Bicyclists commute in the rain, mountain bikers
do adventure racing in wet conditions, etc.
Always wondered why that set of manufacturers
are separate from other light production models.

Example - might be a simple retrofit modification

dive lights would be anothet option
Which might be next for me.

Been pleased with the various modes of the waterproof 165 lumen Princeton Tec Viz for head lamp and the 45 lumen Amp w/diffuser cone on the back of my pfd as a stern light.

Other options abound but so far been happy with them.

See you on the water,


The River Connection, Inc.

Hyde Park, NY



I have a Princeton Tec

– Last Updated: Feb-02-14 6:16 PM EST –

headlamp not sure of the model.

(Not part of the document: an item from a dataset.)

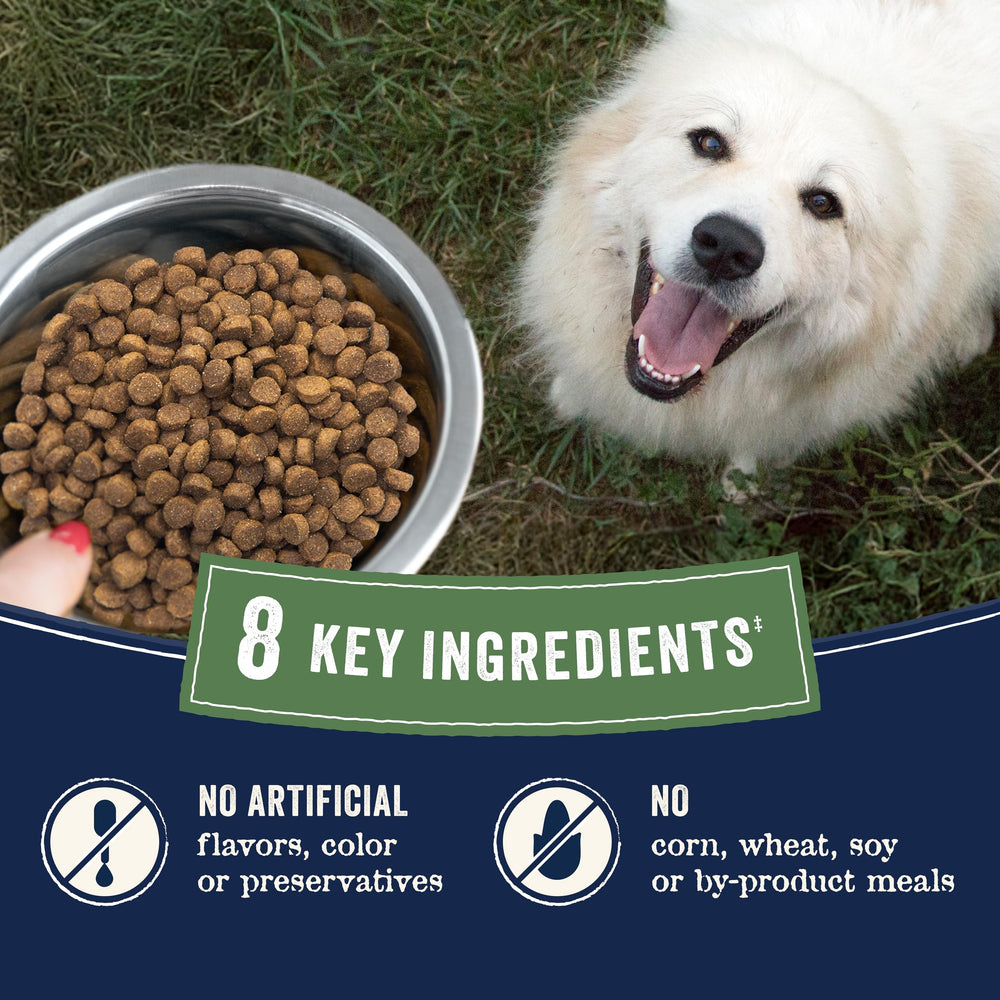 CANIDAE bol con croquetas para comparar tamaño y porción visual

It is black and has "4 mode" and "H20 1M" printed on the front of it. No idea what the model is but I bought it at Bass Pro Shops several years ago.

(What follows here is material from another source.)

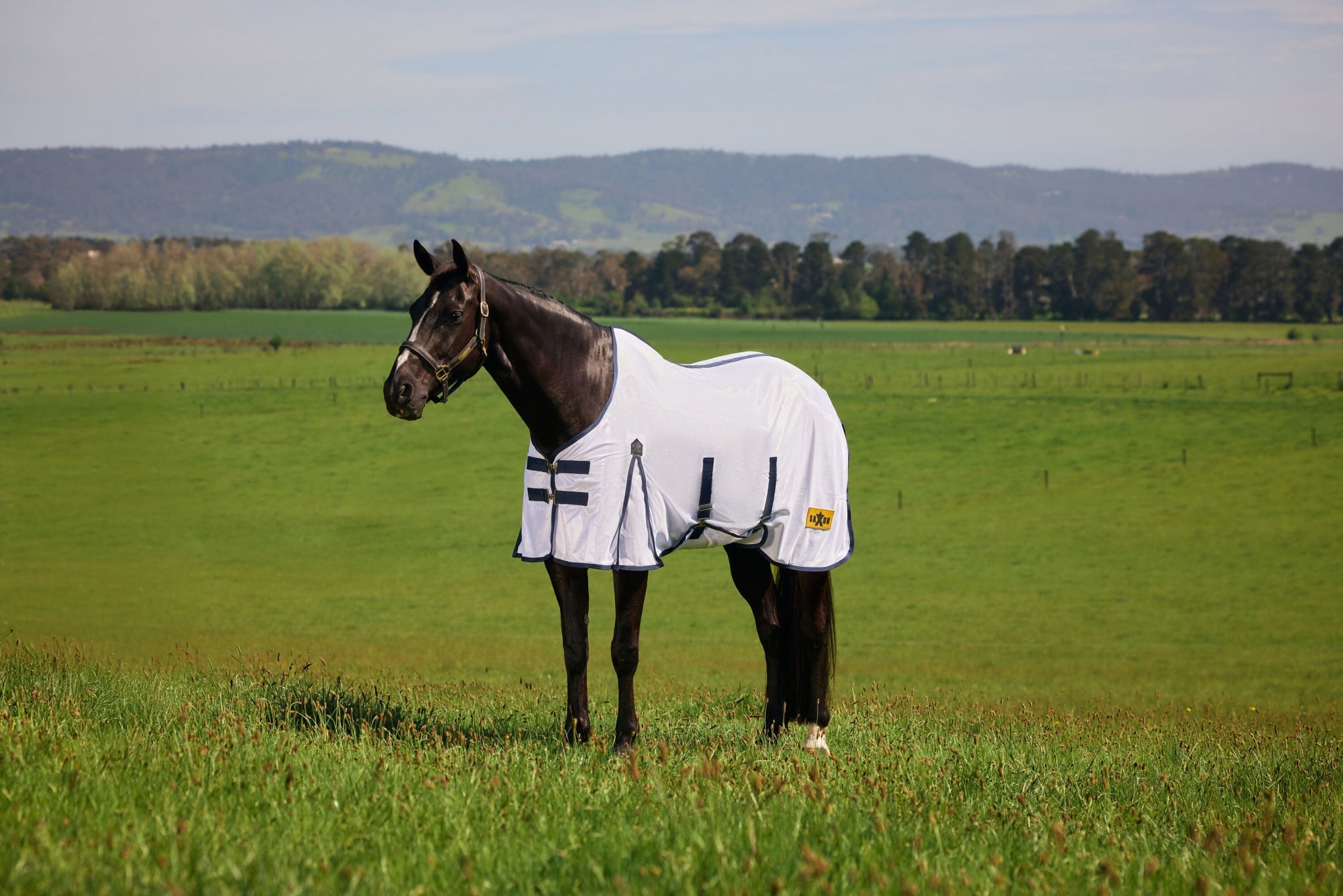 Saxon Mesh Fly Sheet Standard Neck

It has been wet with salt water many times and I have never had any problems with it. It it very bright but it also will go through batteries pretty quickly so I usually leave it off (yeah I know not legal) unless I hear or see powerboat traffic, then I flip it on to let them know I am there.

FE noober one choice

– Last Updated: Feb-02-14 8:27 PM EST –

Underwater Kinetics Vizion... none better! (Sounds a little like CJ). An' still made in de USA.



Petzl Tikka Plus
Mine has never been under water.

Princeton Tec/LL Bean

– Last Updated: Feb-03-14 12:34 PM EST –

I have an older LL Bean Trailblazer which has been great through the years. Great amount of light and built very well. It appears to be made by Princeton Tec as it has their symbol on it. I think they must make LL Beans headlamps for them. Never have tested it being water proof but have used it in snow and rain with no worries. Has rubber seals around battery case door. Simple and easy to change batteries.